▶ Goal of the exercise: All entries are to be transcribed exactly. Pictures are not part of the copy.
(Data supplied begins)
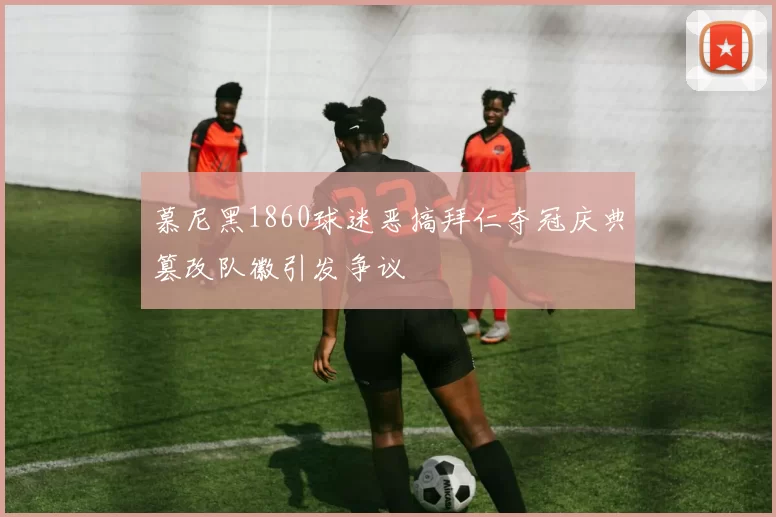 慕尼黑1860球迷恶搞拜仁夺冠庆典篡改队徽引发争议
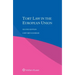 Tort Law in the European Union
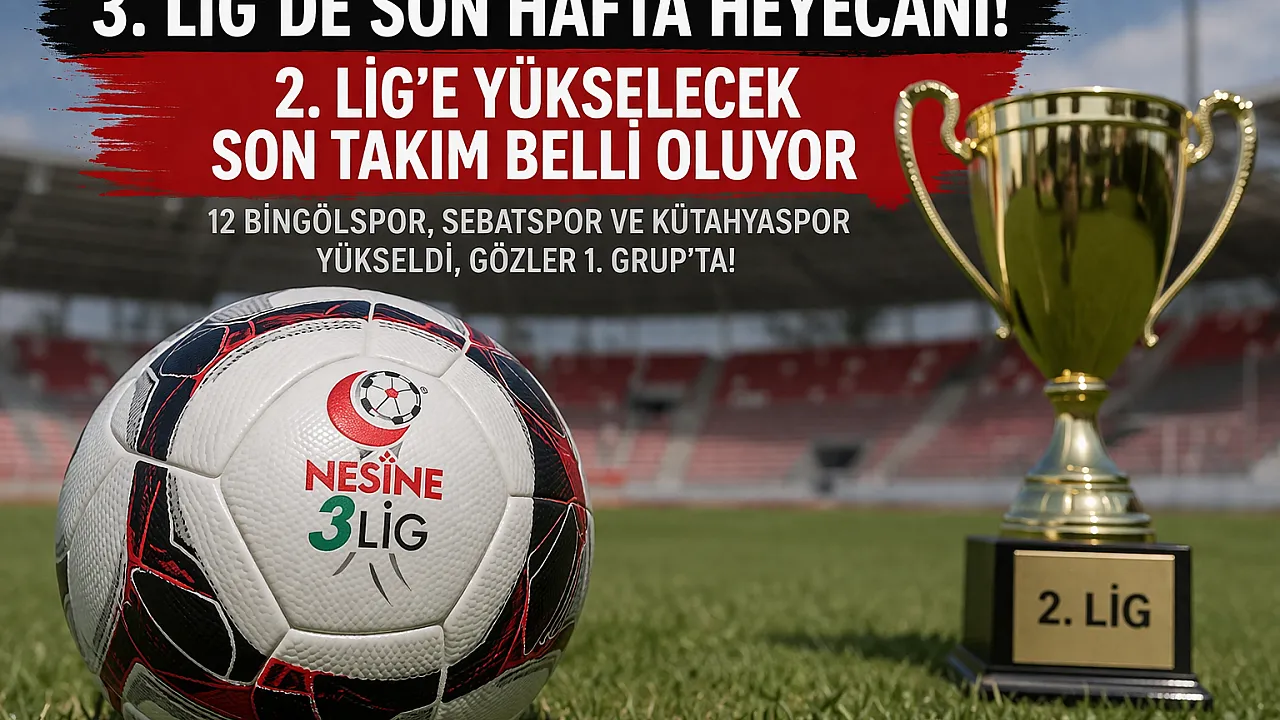 3. Lig'de Son Hafta Heyecanı! 2. Lig'e Yükselen Son Takım Belli Oluyor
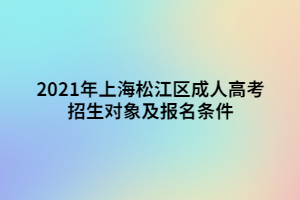 2021年上海松江區(qū)成人高考招生對(duì)象及報(bào)名條件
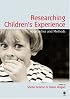 Researching Children's Experience: Approaches and Methods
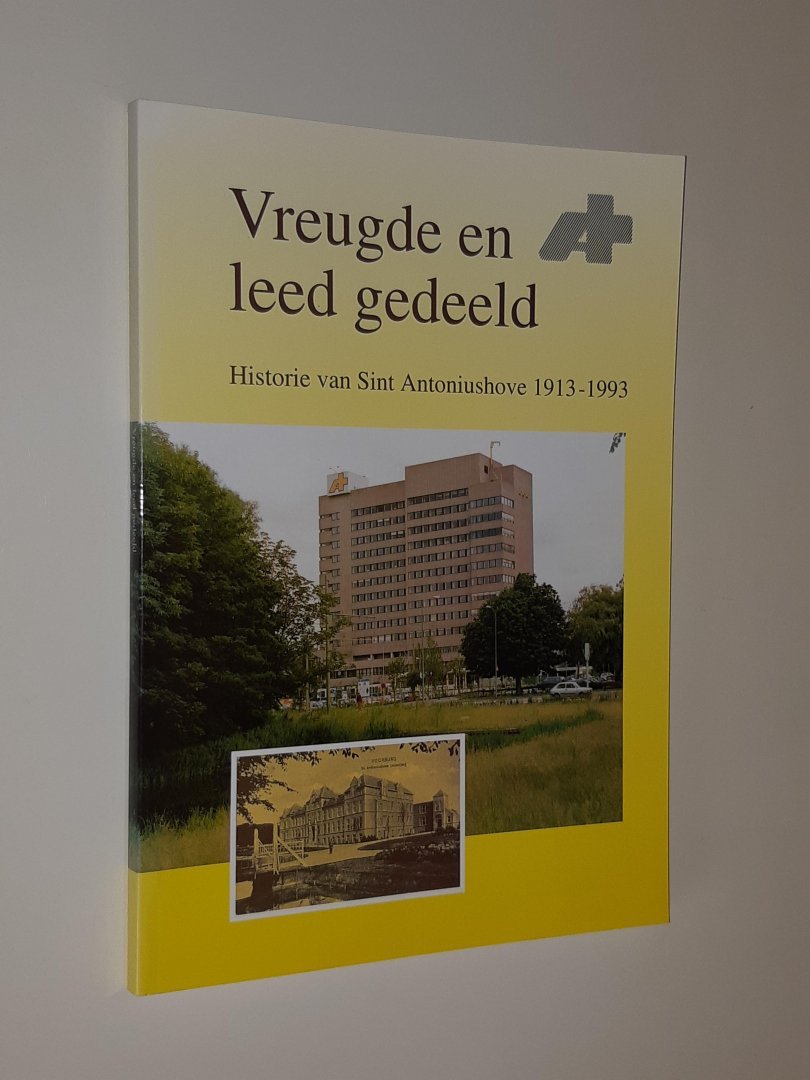 Kuttschrutter, W.J. - Vreugde en leed gedeeld. Historie van Sint Antoniushove 1913-1993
(Data supplied ends)
▶ Output of the task:
 慕尼黑1860球迷恶搞拜仁夺冠庆典篡改队徽引发争议
 Tort Law in the European Union
 3. Lig'de Son Hafta Heyecanı! 2. Lig'e Yükselen Son Takım Belli Oluyor
 2021年上海松江區(qū)成人高考招生對(duì)象及報(bào)名條件
 Researching Children's Experience: Approaches and Methods
 Kuttschrutter, W.J. - Vreugde en leed gedeeld. Historie van Sint Antoniushove 1913-1993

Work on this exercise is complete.